I will open my heart time and time again. With every word of love, I add a twist of elephant skin. I know the consequences and pain that can be inflicted when I share the love that I feel. I'd like to say that I am prepared for any reaction but it is never true. My skin has grown thick and difficult to penetrate but my heart is always vulnerable. I know what love is; I know that my heart cannot be protected. It is designed to break so I can learn how much love I am capable of giving. A large heart is always prone to pain and suffering. When broken into pieces it can love through a small section. We can choose to love through a single beat, rather than risk a heart that is whole. To love through a single piece would be so much easier. However, if my heart is incomplete, then so am I. Lessened by my inability to give myself completely, I would be a fraction of who I am now.

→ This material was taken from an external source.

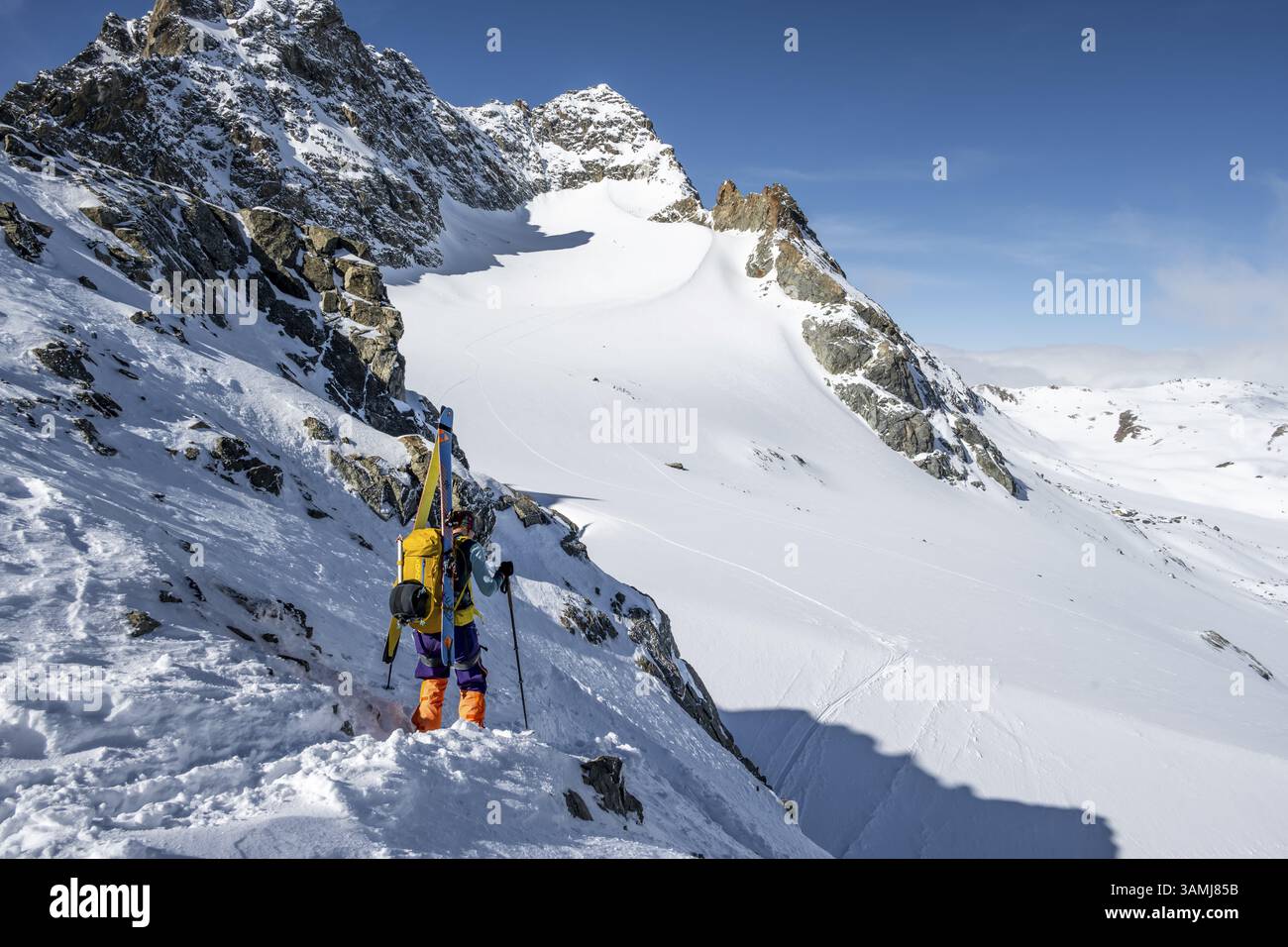 Alpiniste avec des skis à la fourche Porta d'es-cha, vue sur le sommet de la montagne Piz Kesch et glacier Vadret da Porchabella, ski tour Buendner haute route, Al Banque D'Images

I look at my heart and it is still whole, despite its experiences of attempted mutilation. My heart is strong and I have no desire for it to change. It can experience pain and suffering but I will not allow it to break. I like the person who I am when my heart is whole. I feel proud that I will not compromise my feelings and risk hurting another. My heart will not break and it will not change. I am whole and that is important. I believe that it is a good aim in life to be the best that you can be. It is something that allows space for all of your strengths and weaknesses. I would measure success by how much love I am capable of giving. I don't see how it could be understood in any other way. Everything is pushed into insignificance when measured against the importance of love. You need to ask how much love you are capable of giving because the answer will reveal how much love you can be. Sometimes we need others to break our hearts so we can have an excuse for not risking a heart that is whole and complete. In reality, other people cannot break your heart. They cannot shatter the core of your being; your heart is a part of you. It can only be broken from within.
I no longer wish to play this game where my heart is attacked and then I allow it to break in order to minimize the pain. Give me all that you have, every cruel word and thoughtless act. I will not change who I am. Aim for my heart and attempt to break it because you do not have that power. I may cry and become filled with sorrow. At times the pain may feel all-consuming. I will allow myself to experience it without it changing who I am.